[[ DATASET EXTRACT open ]]

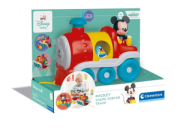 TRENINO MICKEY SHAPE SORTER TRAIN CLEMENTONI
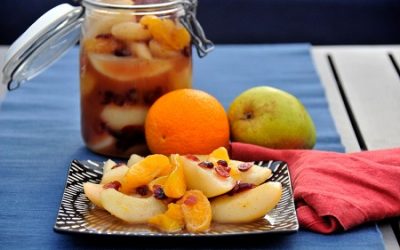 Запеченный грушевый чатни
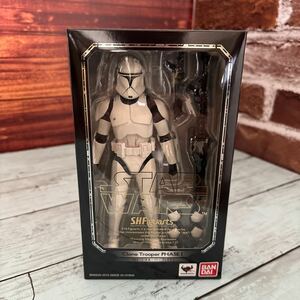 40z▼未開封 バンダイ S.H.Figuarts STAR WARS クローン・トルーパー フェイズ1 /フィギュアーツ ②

[[ DATASET EXTRACT closed ]]
[[ DATASET EXTRACT open ]]

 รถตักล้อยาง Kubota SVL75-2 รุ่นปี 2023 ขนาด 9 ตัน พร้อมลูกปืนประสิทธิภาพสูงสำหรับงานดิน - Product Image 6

[[ DATASET EXTRACT closed ]]

▶ YOUR INSTRUCTIONS
Taking the material above, give again exactly the lines from the one holding "Запеченный грушевый чатни" through the one holding "40z▼未開封 バンダイ S.H.Figuarts", with both ends and without pictures.

▶ WRITTEN REPLY
 Запеченный грушевый чатни
 40z▼未開封 バンダイ S.H.Figuarts STAR WARS クローン・トルーパー フェイズ1 /フィギュアーツ ②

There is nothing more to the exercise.